Le lien USB derrière la prise fixe le plafond du port Ethernet
Les meilleurs adaptateurs réseau USB en 2026
Un adaptateur USB pose une prise Ethernet sur une machine qui n’en a pas, et son plafond est fixé par le port dans lequel il se branche plutôt que par le port qu’il offre. La génération USB est la première ligne à lire : un lien à cinq gigabits et un lien à dix gigabits sont deux normes distinctes portant des noms distincts, et un adaptateur 2,5 gigabits sur une prise à 480 Mbit/s décrit un goulot d’étranglement plutôt qu’un réseau. Ces noms ont été révisés plus d’une fois : prenez donc le chiffre en gigabits par seconde que le fabricant publie à côté du nom, et traitez le connecteur — Type-A ou Type-C — comme une question séparée qu’un simple adaptateur passif peut changer. Côté réseau, ce sont les mêmes normes que partout : 1000BASE-T, 2.5GBASE-T, et des adaptateurs cuivre dix gigabits qui existent et chauffent dans la main. Le contrôleur décide de la prise en charge des pilotes, ce qui, sur un portable, est à peu près tout l’intérêt de l’achat ; les fabricants publient quels systèmes et quelles versions sont couverts, et sur une famille où le matériel extérieur se ressemble d’une boîte à l’autre, cette liste est la spécification qui compte le plus.
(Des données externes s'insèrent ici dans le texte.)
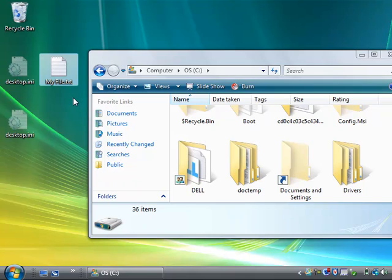I'm Dave Andrews, and I've just showed you how to show hidden folders in Windows Vista.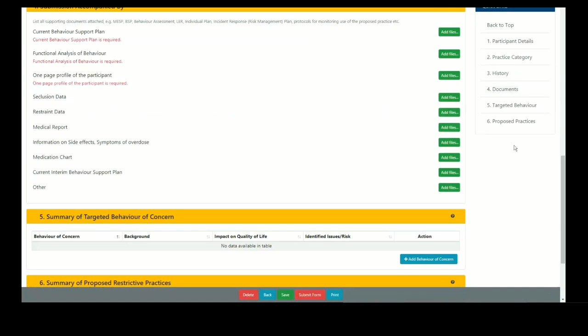This section is used to upload all the documents that support the use of the proposed practice. There are mandatory documents required that vary depending on the submission type and the type of restrictive practice.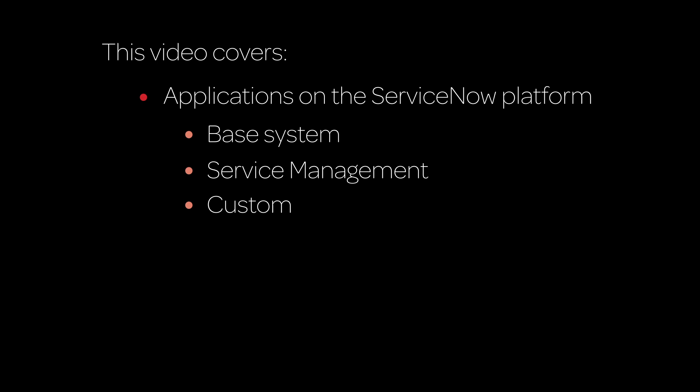In this video, we look at applications available on the ServiceNow platform, including Base System, Service Management, and Custom Applications.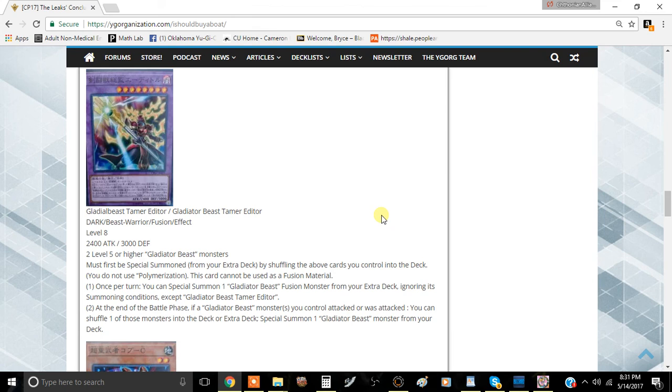Anyway guys, tell me what you think about this card in the comment section down below. I'll see you guys in the next video. This has been Team Minima Foes and I'll be signing out.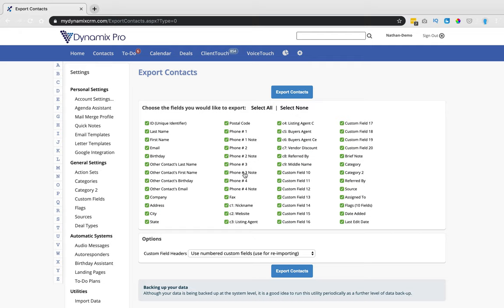Once you're in the Export Contacts, you can choose which fields you'd like to export. Once you do that, click Export Contacts.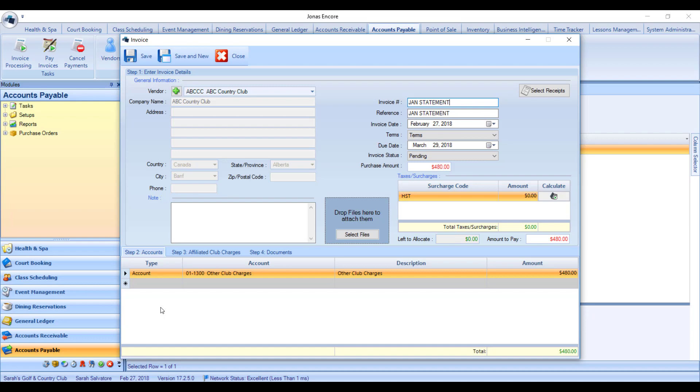Some clubs will choose to have these accounts be the same, which means at the end of the day it's a wash and all you're seeing is the entry to your Accounts Receivable and your Accounts Payable. What needs to be selected here is the account that will be offset when you make the entry to Accounts Payable — this is the account you're using to track how much other clubs have billed you.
Les compléments publiés comme la prise en charge des trames jumbo, Wake-on-LAN et l’étiquetage VLAN séparent deux adaptateurs par ailleurs identiques. Surveillez aussi le cordon, car un cordon court et solidaire se comporte tout autrement sur un bureau qu’un cordon détachable, et une coque métallique évacue une chaleur qu’une coque plastique garde. Nous comparons la génération USB et le débit de lien annoncé, le type de connecteur, la norme de débit du port Ethernet, la famille de contrôleur, la prise en charge annoncée des systèmes d’exploitation, la matière du boîtier et l’agencement du câble.